Tue 28 Nov 2006
Mr. W had no plans for lunch, so after hearing all the commotion about my tires being overinflated, he offered to come find my car and deflate my tires to the proper PSI for me. (What a great guy!) Meanwhile I hitched a ride with my gym trainee to go work out at the gym for lunch, laughing about how people would see him letting air out of my tires and go, “Dude, did you guys break up?”. That’s when I checked out her tires and saw that her maximum PSI was 44, which made me wonder what makes my tires so different to have a maximum of 51.
We just took a break in our trial, and I was able to touch base with Mr. W. He said he did indeed let out the air in all 4 tires to between 34 and 35 PSI, BUT that the tire said the maximum PSI is 40 and not 51.
=O !!!
Not only am I going blind and can’t read numbers anymore, but I almost killed myself! Mr. W quickly said that it was dark in the parking structure so maybe he saw the numbers wrong, or maybe it was a recommended PSI and not a maximum PSI.
Can I leave right now and go look again?!
Oh, and he also said his tire pressure gauge read that I had 40 PSI in each tire, not almost 50. Did I spring a leak in all 4 tires? I did drive thru broken glass the other day! Waaaaah!!!
If you used the gas-station meter to determine your PSI — the difference was probably just that the gauge is less accurate than one you buy at the store.

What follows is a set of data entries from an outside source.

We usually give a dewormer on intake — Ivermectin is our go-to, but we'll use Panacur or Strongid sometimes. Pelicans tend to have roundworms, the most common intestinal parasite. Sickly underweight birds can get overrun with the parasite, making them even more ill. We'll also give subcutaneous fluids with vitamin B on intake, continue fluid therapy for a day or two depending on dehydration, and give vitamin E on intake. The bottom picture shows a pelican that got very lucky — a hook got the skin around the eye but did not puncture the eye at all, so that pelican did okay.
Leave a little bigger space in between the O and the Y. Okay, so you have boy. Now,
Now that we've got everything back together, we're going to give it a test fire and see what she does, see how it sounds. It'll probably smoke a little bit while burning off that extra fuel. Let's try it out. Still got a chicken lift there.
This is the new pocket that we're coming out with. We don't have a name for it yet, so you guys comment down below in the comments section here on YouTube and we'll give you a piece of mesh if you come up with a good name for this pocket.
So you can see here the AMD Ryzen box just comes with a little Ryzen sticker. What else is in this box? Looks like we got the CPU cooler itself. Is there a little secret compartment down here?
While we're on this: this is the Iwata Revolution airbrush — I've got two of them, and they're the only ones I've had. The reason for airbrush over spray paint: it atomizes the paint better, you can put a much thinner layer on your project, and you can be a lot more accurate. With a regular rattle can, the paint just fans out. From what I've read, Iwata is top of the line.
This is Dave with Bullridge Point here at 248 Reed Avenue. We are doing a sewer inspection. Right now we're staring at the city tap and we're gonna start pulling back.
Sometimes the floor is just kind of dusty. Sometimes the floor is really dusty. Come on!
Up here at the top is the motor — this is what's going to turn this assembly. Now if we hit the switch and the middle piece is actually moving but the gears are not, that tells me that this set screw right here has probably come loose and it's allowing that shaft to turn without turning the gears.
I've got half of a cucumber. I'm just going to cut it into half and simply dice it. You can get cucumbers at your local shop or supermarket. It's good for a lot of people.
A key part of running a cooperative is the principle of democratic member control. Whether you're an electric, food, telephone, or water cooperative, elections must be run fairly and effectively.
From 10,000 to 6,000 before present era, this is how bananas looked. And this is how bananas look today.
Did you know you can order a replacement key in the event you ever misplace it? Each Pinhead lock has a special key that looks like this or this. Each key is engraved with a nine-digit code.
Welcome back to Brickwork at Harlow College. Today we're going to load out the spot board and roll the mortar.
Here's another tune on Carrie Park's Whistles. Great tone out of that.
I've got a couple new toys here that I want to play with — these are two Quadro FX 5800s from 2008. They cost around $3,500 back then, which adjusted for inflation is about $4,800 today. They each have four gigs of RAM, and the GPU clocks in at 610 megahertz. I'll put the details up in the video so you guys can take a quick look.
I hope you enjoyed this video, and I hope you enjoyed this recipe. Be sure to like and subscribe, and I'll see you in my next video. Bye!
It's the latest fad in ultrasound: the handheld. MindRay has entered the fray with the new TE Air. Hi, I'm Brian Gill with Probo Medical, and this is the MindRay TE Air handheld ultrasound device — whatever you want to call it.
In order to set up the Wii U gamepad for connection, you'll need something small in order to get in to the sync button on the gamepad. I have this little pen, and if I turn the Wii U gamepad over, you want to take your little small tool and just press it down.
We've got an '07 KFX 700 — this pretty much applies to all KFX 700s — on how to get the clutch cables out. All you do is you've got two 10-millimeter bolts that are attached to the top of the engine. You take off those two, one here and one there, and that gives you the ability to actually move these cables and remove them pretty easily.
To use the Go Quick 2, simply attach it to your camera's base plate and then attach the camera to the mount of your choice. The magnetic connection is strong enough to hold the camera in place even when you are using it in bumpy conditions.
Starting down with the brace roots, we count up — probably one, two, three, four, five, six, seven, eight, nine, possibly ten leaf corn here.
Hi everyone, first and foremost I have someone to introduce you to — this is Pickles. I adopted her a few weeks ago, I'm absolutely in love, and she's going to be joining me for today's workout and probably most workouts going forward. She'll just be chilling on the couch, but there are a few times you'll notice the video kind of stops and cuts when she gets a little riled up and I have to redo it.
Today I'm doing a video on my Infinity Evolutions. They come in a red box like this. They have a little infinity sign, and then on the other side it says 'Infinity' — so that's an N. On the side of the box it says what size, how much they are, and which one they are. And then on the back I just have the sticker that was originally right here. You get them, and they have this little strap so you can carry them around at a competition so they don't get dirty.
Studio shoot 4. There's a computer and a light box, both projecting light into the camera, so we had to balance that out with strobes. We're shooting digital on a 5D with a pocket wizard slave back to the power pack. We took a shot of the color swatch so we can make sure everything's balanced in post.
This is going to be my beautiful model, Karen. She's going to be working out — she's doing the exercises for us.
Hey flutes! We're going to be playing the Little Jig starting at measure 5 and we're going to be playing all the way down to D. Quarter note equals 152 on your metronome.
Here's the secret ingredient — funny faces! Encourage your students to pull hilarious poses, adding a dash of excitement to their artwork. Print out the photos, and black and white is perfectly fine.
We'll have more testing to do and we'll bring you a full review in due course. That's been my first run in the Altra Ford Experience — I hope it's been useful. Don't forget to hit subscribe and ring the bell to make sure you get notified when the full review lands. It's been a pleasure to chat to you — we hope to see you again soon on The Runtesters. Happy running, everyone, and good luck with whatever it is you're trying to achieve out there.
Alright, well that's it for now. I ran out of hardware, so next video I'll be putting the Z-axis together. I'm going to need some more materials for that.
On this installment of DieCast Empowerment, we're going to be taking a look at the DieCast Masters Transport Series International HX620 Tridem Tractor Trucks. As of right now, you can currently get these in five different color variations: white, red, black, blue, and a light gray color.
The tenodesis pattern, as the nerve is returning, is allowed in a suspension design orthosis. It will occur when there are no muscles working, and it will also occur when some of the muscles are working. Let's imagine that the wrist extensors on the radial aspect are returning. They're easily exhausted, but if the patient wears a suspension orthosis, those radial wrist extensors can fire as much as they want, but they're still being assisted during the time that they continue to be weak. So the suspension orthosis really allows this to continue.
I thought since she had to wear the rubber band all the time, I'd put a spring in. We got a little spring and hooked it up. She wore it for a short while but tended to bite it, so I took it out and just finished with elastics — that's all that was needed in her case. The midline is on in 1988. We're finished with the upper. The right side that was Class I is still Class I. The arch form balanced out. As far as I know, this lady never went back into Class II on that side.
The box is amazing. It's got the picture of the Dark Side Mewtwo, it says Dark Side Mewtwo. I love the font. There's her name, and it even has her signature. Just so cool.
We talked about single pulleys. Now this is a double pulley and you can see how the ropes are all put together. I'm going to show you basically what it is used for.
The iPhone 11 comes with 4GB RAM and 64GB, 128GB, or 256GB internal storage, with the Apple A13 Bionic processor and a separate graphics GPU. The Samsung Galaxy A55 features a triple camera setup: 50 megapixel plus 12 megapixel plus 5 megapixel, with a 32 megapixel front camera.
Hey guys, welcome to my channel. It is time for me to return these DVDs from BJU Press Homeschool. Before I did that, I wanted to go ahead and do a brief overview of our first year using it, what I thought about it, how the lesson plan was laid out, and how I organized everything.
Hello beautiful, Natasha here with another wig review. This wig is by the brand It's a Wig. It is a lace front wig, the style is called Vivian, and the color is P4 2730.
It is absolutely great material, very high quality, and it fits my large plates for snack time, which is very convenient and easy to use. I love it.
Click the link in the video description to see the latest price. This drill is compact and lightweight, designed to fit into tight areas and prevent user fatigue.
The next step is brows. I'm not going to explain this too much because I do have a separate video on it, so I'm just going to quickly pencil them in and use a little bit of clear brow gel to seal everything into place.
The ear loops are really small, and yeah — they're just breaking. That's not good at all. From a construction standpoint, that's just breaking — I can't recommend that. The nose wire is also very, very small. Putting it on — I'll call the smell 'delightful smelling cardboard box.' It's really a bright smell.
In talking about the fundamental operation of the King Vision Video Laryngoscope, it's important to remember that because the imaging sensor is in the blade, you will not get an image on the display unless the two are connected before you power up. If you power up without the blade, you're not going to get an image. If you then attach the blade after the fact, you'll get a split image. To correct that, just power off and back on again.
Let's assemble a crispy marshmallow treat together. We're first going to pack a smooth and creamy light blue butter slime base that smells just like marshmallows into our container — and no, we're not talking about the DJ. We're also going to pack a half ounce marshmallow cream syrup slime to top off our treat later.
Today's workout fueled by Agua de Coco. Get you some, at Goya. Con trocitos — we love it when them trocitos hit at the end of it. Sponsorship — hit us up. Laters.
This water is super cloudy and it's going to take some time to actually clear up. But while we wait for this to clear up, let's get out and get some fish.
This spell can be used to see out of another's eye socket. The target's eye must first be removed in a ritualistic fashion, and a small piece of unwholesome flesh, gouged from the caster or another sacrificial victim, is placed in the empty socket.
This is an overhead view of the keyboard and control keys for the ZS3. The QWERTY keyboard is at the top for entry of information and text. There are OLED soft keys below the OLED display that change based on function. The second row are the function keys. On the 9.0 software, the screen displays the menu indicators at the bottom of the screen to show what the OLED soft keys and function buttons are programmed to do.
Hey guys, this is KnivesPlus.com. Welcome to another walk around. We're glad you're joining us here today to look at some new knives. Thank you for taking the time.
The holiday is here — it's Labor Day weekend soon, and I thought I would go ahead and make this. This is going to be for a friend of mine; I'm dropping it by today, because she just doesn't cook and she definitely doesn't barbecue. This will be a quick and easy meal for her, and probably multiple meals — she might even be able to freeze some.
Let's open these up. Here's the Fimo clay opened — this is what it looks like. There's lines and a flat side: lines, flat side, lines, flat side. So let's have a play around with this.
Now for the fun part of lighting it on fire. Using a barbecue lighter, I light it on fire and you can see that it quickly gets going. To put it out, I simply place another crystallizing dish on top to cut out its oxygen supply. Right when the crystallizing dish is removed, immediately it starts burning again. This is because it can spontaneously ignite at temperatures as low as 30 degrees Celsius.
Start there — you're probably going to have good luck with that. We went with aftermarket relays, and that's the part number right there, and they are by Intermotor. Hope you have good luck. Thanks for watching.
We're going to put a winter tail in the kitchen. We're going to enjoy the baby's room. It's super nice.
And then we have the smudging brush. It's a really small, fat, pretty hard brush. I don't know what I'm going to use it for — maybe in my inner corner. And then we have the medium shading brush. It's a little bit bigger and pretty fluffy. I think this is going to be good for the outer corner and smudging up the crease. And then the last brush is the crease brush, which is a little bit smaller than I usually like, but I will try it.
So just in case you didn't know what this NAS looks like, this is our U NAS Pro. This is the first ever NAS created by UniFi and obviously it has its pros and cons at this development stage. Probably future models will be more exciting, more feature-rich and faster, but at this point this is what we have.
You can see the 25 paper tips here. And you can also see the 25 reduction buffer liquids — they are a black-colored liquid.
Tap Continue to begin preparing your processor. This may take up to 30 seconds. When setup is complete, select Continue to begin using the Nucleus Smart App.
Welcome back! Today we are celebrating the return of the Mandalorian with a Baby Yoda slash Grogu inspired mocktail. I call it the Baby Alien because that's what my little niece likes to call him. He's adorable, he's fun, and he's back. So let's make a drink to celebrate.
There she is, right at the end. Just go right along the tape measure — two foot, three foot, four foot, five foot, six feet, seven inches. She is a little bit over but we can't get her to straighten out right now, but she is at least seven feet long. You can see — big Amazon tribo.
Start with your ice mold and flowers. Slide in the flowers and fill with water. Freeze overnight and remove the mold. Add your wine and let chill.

gas station tire pressure gauges are notoriously bad. it wouldn’t surprise me at all that you read it right, but it just gave you a bad reading.
Okay, but being off by 10 PSI is HUGE. It’s almost FATAL.
Nah, 10 PSI is not fatal if you are going to inflate to normal pressure. Usually max pressure for a tire is +10 to +20 of the actual air you put in.
Of course…. if you ARE putting in the max then it COULD be fatal lol. That could mean you put in 60 when you THOUGHT you put in 51. Luckily it was off in the other direction!
I’m just confused. I’m not filling my own tires anymore.